Two things on this. One: Towns didn’t return to that game, which was on Sunday afternoon. Two: The injury didn’t look all that bad. His leg ended up in an awkward position over a Penn player’s leg while coming down from a leaping attempt at a rebound.
Unless Harvard head coach Tommy Amaker announces something, I’m not convinced that Towns will miss this game. This season alone, I’ve watched Andrew Rowsey get his calf stepped on while he was laying face down on the court and not miss a game, I’ve watched Markus Howard lay motionless for a long stretch after a bad fall and only miss one game, and I’ve watched Danielle King from women’s hoops on the ground, grabbing at her leg and howling in pain, only to return later in that very contest. It would not be unreasonable to think it’s possible that Towns plays on Wednesday night. Stay tuned for updates on that one.
If Towns plays, Harvard will be able to make use of his multi-dimensional talents. He does a little bit of everything, ranking in the top 40 in usage on KenPom, top 250 in defensive rebounding rate, top 450 in block rate, and top 80 in three-point percentage.
Without him..... well, it’s hard to say. Even with Towns, Harvard was a lousy offensive team this season, ranking #243 in offensive efficiency on KenPom. They were a quality three-point shooting team, ranking #144 at 36% and they took an awful lot of threes as well, ranking in the top 90 in terms of rate relative to the rest of their offense. That’s the only thing they did well, though, and they don’t really have anyone else they rely on. Justin Bassey shot 42% on less than three tries a game, and Christian Juzang shot 39% on a little over three tries a game. Harvard turns the ball over on more than 20% of their possessions, and Juzang and Bassey, the two guys that are probably going to have to step up the most without Towns, are particularly egregious in this department. They don’t clean up their misses (#259 in offensive rebounding rate), and they do not get to the line nearly at all (#324). The Crimson are also maddeningly slow on offense, carrying around one of the 50 longest average possession lengths in the country.

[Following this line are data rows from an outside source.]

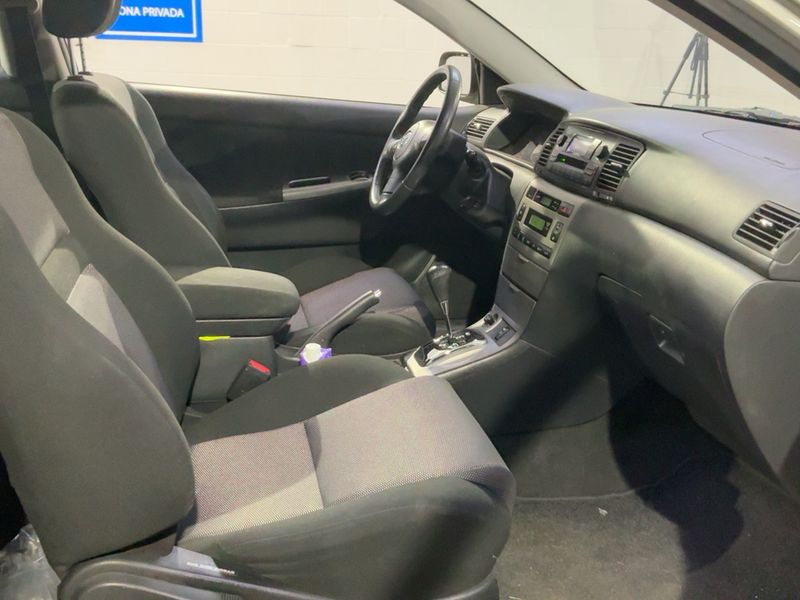 Toyota Corolla 1.4 D-4D Compact Luna — zdjęcie 11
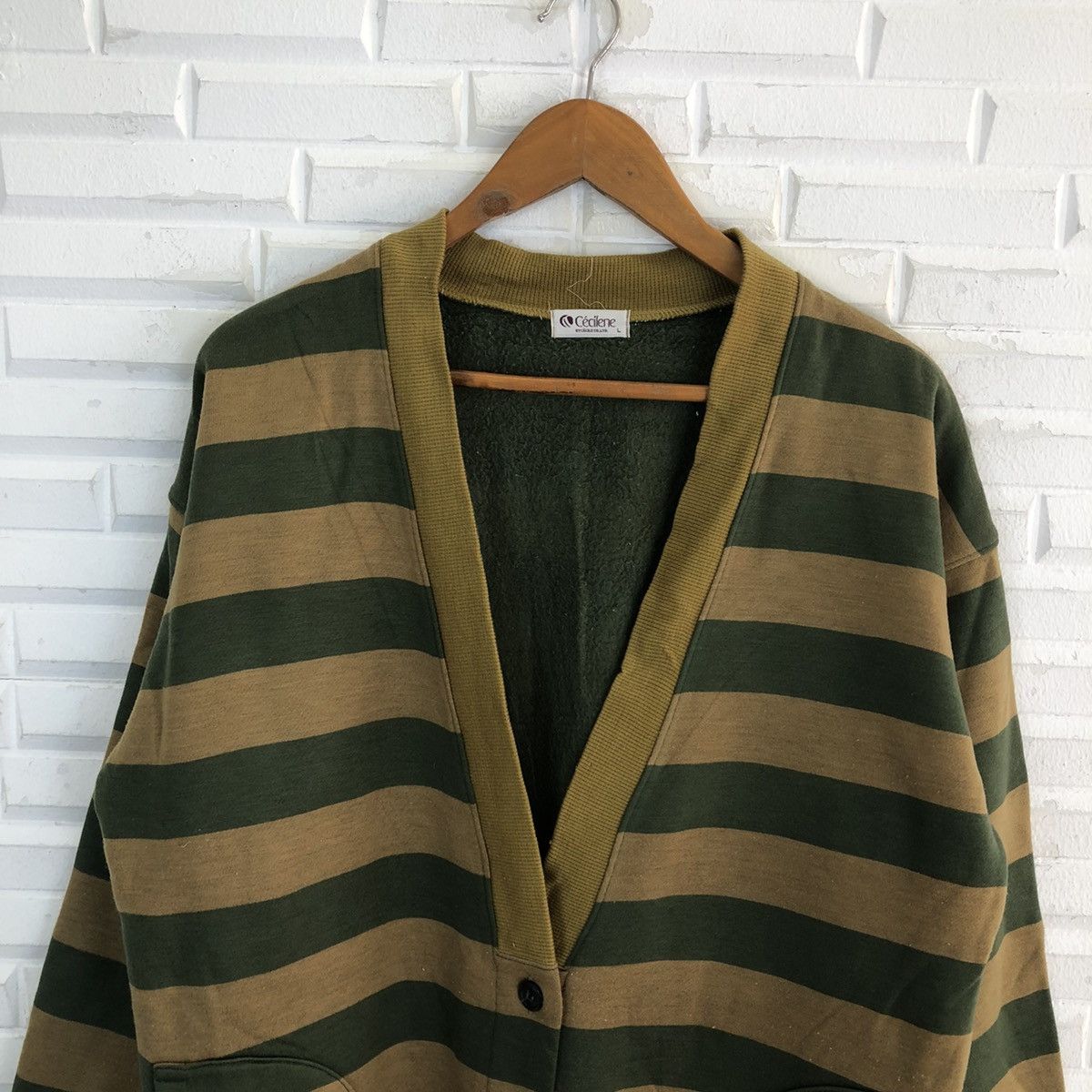 Japanese Brand VINTAGE CECILENE JAPAN STRIPED 2 COLOUR CARDIGAN Size US L / EU 52-54 / 3 - 3 Thumbnail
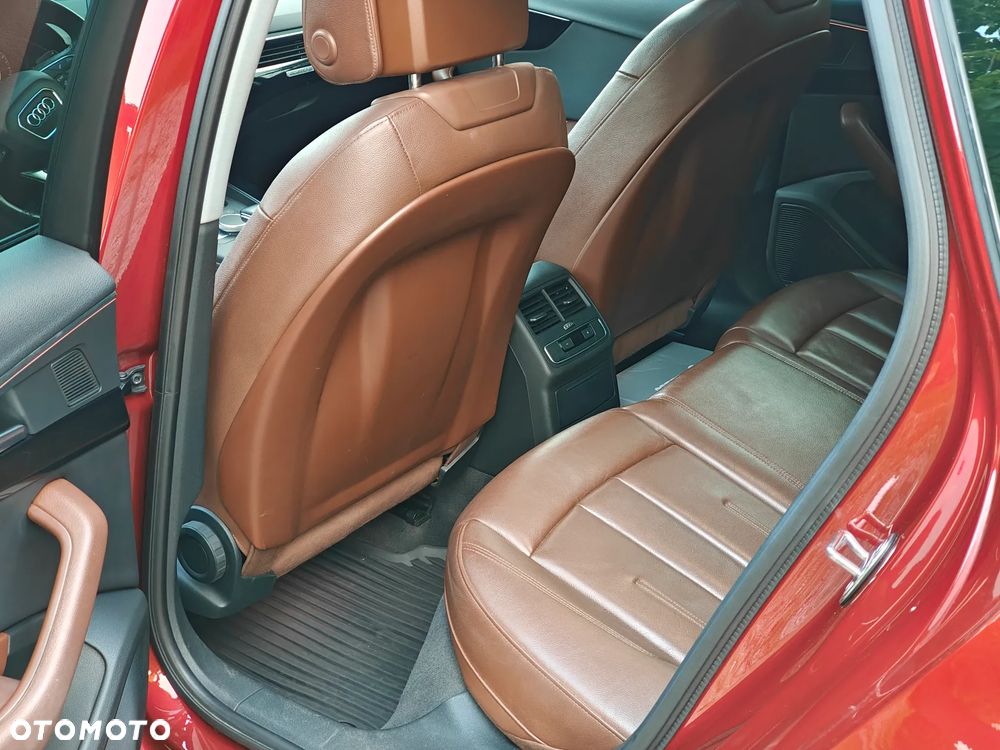 Audi A4 Allroad 2.0 TDI Quattro S tronic - 11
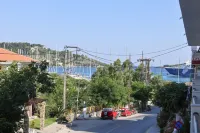 Uphill Unique Boutique Suites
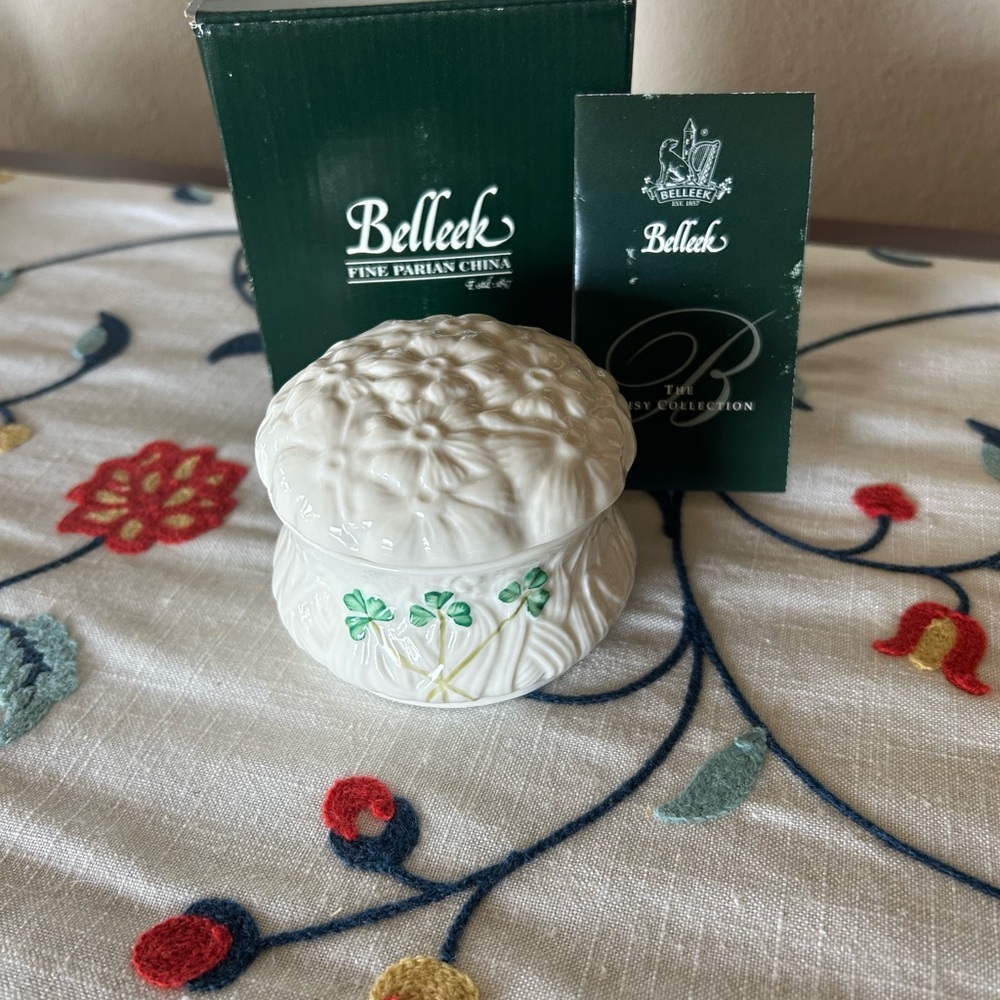 Belleek Fine Parian China Trinket Box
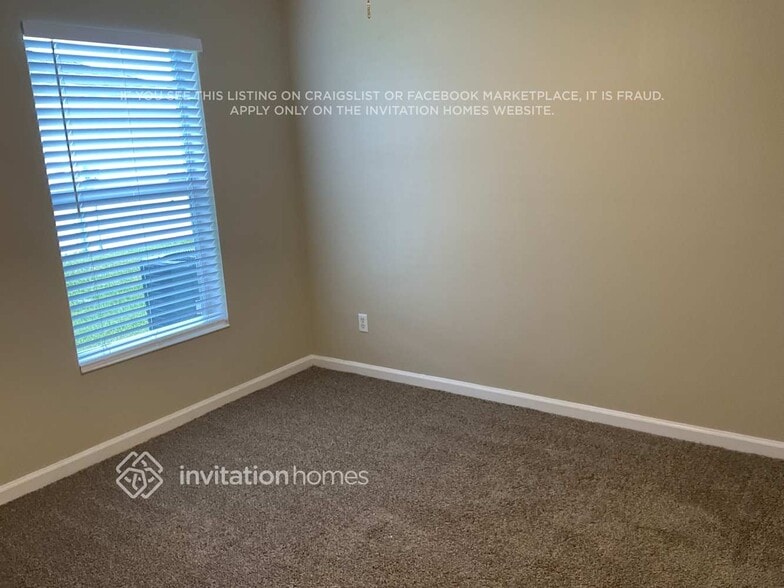 Building Photo - 9934 52nd St E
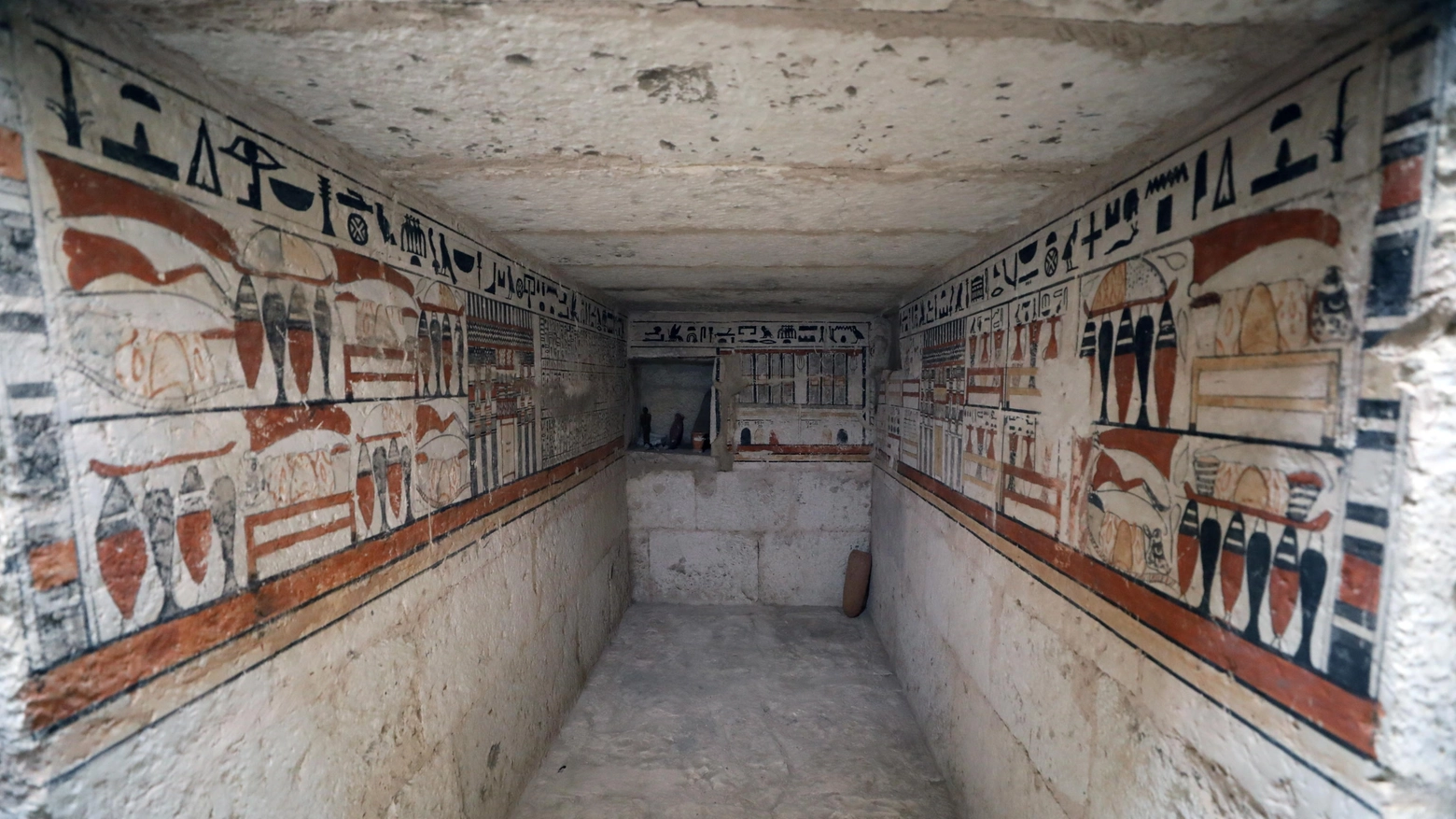 L'interno di una tomba egizia (Ansa)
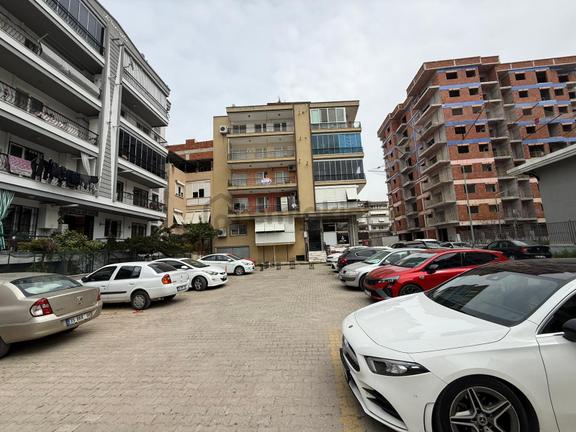 Karşıyaka Emniyet Müdürlüğü Yakını 3+1 Satılık Daire 2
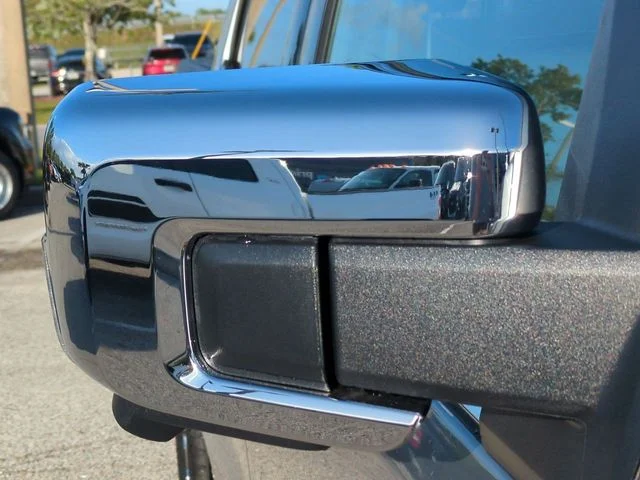 New 2026 Iconic Silver Metallic Ford Lariat® image 12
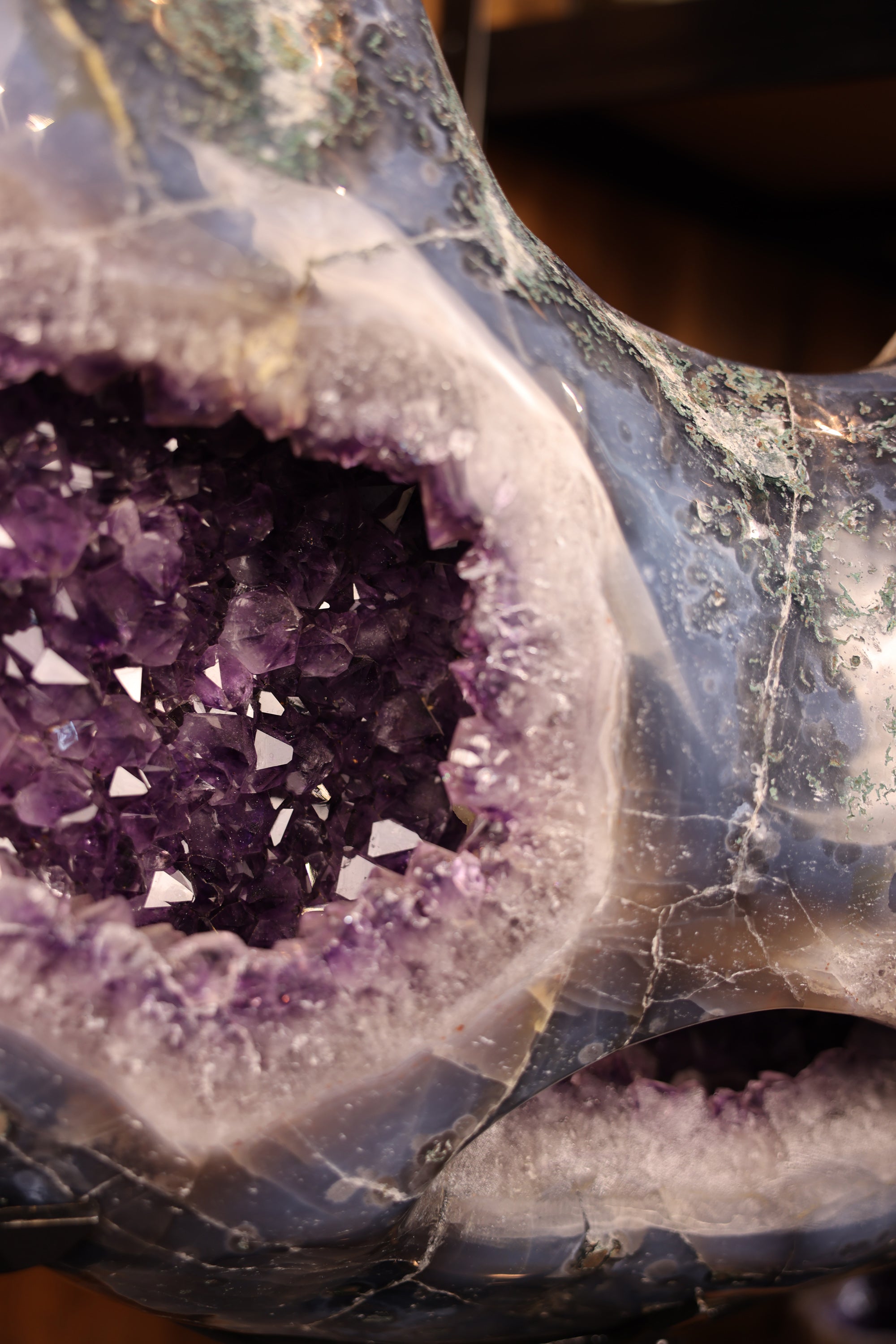 38 kg schwere Amethyst Triple-Geode aus Brasilien mit polierter Achat-Bänderung und drei violetten Kristallzentren auf hochwertigem Standfuß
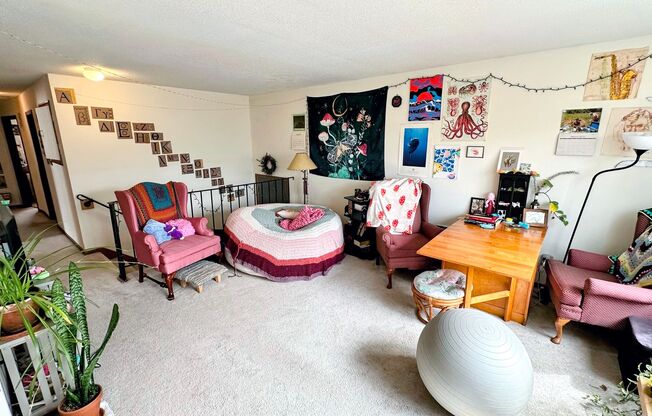799-801 Weeks Ave SE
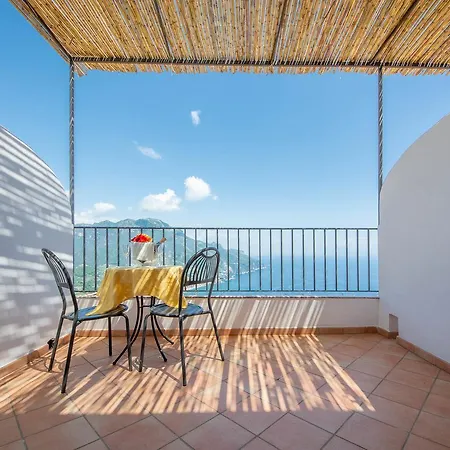 Hotel Villa Amore 2*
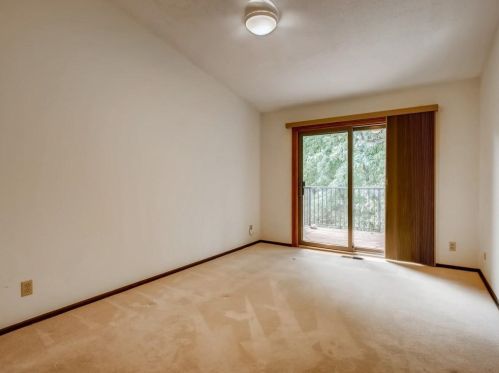 4385 Arden View Ct, Saint Paul MN  55112-1946 exterior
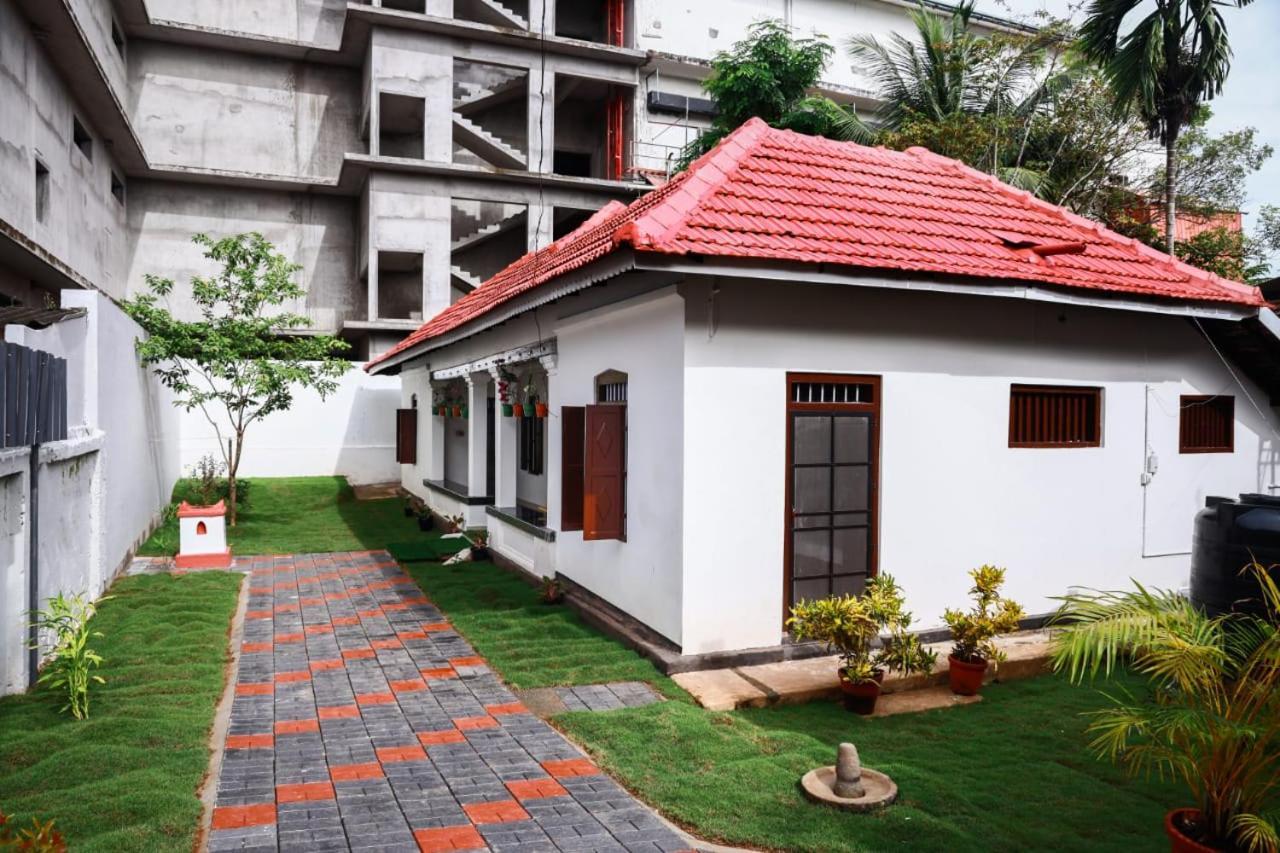 Bobbys Corner Apartment Alappuzha Ngoại thất bức ảnh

Whatever does or does not happen with Towns, Marquette is going to have to deal with Chris Lewis in order to win. The sophomore from Georgia stands 6’9” and weighs 235 pounds. His stats — 13.4 points, 6.0 rebounds — make him sound like a bit like a slightly beefier Sam Hauser, but remember: Harvard plays slow. While Harvard, the team, doesn’t get offensive rebounds, Chris Lewis does, ranking #346 in the country in terms of rate. He’s a dangerously effective inside scorer, connecting on 60% of his shots this season, all inside the arc, giving him a top 100 effective field goal percentage. Lewis is also a more than capable rim protector, swatting a block and a half per game, but in the top 90 in the country in block rate.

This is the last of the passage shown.